CONCLUSIONS: OCT findings of foveal elevation and an underlying hypo-reflective zone are novel in this condition. Whilst the clinical history was similar to achromatopsia and other cone dysfunction syndromes, ERG findings suggested disease associated with CACNA1F or CABP4. As CACNA1F is X-linked, CABP4 was more likely, and confirmed on genetic testing. The patient saw better in dim light, confirming that night blindness is not a feature of CABP4-associated disease. Our case highlights the value of ERGs in discriminating between causes of cone dysfunction, and extends the range of retinal imaging phenotypes reported in this disorder.
摘要:
目的:CABP4的双等位基因变异与先天性锥杆突触障碍有关,也被分类了,电生理学,不完全先天性固定夜盲症(iCSNB)。我们描述了一名表现出异常黄斑光学相干断层扫描(OCT)表型的患者的临床发现,以前没有报告过这种情况。

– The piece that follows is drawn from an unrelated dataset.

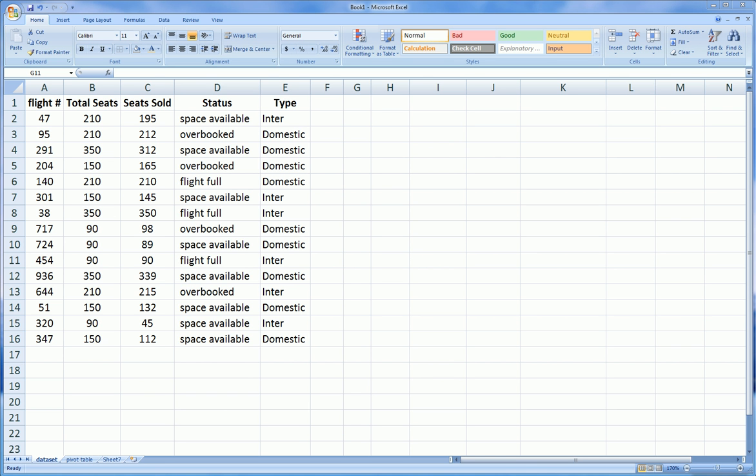Hi guys, today we're going to do a video on advanced filtering. If you haven't watched the regular filtering video, Excel filtering in my playlist on my channel, you should go and watch that before you watch this as a primer to the whole concept of filtering.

方法:我们的患者接受了多模态视网膜成像,国际标准的全现场ERG测试和全基因组测序。
结果:患者是一名60岁女性,自出生以来患有非进行性视力障碍,眼球震颤和偏爱昏暗的灯光。临床眼底检查无异常。OCT成像显示,双眼中央凹下方有一个低反射区。ERG显示出电负性DA10反应,具有严重异常的光适应反应。全基因组测序揭示了CABP4中已知致病变体的纯合性。在其他基因中没有发现可以解释患者表型的变异。
结论:在这种情况下,中央凹抬高和潜在的低反射区的OCT发现是新颖的。虽然临床病史与色盲和其他视锥功能障碍综合征相似,ERG发现提示与CACNA1F或CABP4相关的疾病。由于CACNA1F是X连接的,CABP4更有可能,并在基因检测中证实。病人在昏暗的光线下看得更好,证实夜盲症不是CABP4相关疾病的特征。我们的案例强调了ERGs在区分锥体功能障碍的原因中的价值,并扩展了该疾病中报告的视网膜成像表型的范围。
方法:我们的患者接受了多模态视网膜成像,国际标准的全现场ERG测试和全基因组测序。
结果:患者是一名60岁女性,自出生以来患有非进行性视力障碍,眼球震颤和偏爱昏暗的灯光。临床眼底检查无异常。OCT成像显示,双眼中央凹下方有一个低反射区。ERG显示出电负性DA10反应,具有严重异常的光适应反应。全基因组测序揭示了CABP4中已知致病变体的纯合性。在其他基因中没有发现可以解释患者表型的变异。
结论:在这种情况下,中央凹抬高和潜在的低反射区的OCT发现是新颖的。虽然临床病史与色盲和其他视锥功能障碍综合征相似,ERG发现提示与CACNA1F或CABP4相关的疾病。由于CACNA1F是X连接的,CABP4更有可能,并在基因检测中证实。病人在昏暗的光线下看得更好,证实夜盲症不是CABP4相关疾病的特征。我们的案例强调了ERGs在区分锥体功能障碍的原因中的价值,并扩展了该疾病中报告的视网膜成像表型的范围。